Some Moody Elementary School parents have questioned why they were not alerted about the incident, which took place Friday just before noon. But Superintendent of Middletown Schools Patricia Charles says a prolonged police investigation, which found the man posed no danger to the children, wrapped up just as classes were dismissing for the day.
Parents were not told until Monday once children returned to Moody, Charles says, "because the person never got into the building, the kids were never threatened, and the staff did exactly what they're supposed to do."
On Jan. 4 at 11:23 a.m., police were called to the school on Country Club Road by the principal Yolande Eldridge, who, with the secretary, appeared "very upset" and one was crying, the report says.
At 11 a.m., they told police, Robert E. Manning, 66, of Tuscany Hills Drive, came to the front door of Moody elementary and asked, "how secure is this school?" The question alarmed and frightened the secretary, the report says, who went into the nurse's office, because, "she was unsure of the unknown male's intentions and if he was there to act out a similar incident as Sandy Hook."
When the principal approached, he asked her, "don't you think you should carry a gun like [in] Texas?" and referenced the Sandy Hook Elementary School shooting.
As strange as the incident sounds, it turns out, according to police, Manning had stopped by the school to see if security had increased since the Sandy Hook incident, and told police his grandchildren attend Meriden Public Schools.
Manning told officers Moody was the closest school to his home and didn't think there was anything wrong with going there and asking questions.
Once all the facts had been gathered by police, "he didn't seem to be a threat," Charles said. Still, she admits when it comes to schoolchildren in the aftermath of tragedies like Newtown, administrators can never be too precautious.

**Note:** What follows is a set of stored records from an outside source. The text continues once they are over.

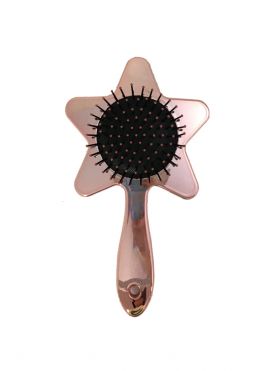 Sparkling Star Series Paddle Brush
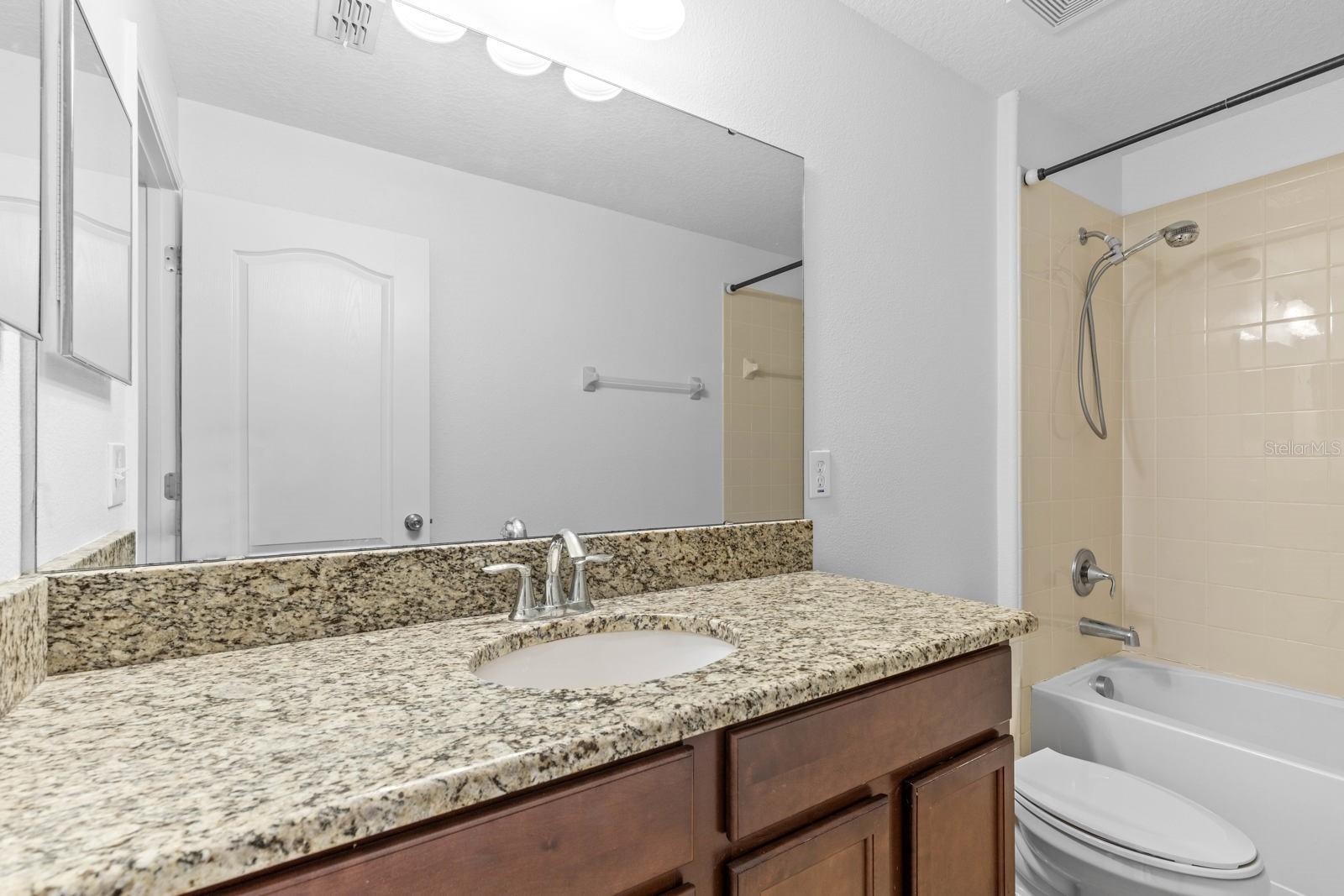 WINDERMERE SOUND - Residential Lease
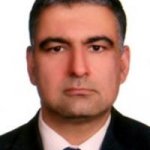 دکتر امید صالح پور متخصص چشم‌ پزشکی کودکان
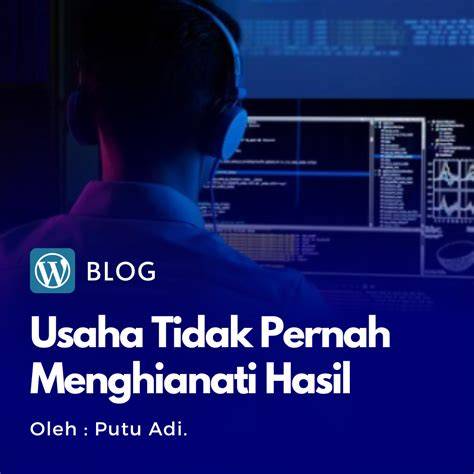 iNggRIS inNdoO hadirkan hasil nyata — tidak sabar ganti IP dijamin image 1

"This day and age, you just can't say those things, you can't ask those things without people becoming concerned," Charles said. "But he didn't have any children at the school, he was very forthcoming in that regard, he didn't run away after Yolande talked to him or anything. She didn't view it as threatening."
Charles praised Eldridge's and the secretary's adherence to protocol. "I'm really proud that they followed procedure and the person never got into the school. Further, they gave the identification information to police and they were accurate."
The report says Eldridge asked for his license, then told him she would talk to him by appointment only and he left five minutes later in his Honda Civic.
Both the secretary and principal offered a complete physical description of Manning and his car and a partial license plate, which allowed officers to trace him, the report says.
A search of similar vehicles led them to Manning's home, where, the report says, he admitted to visiting the school. He was charged with second-degree breach of peace and told not to visit school grounds again.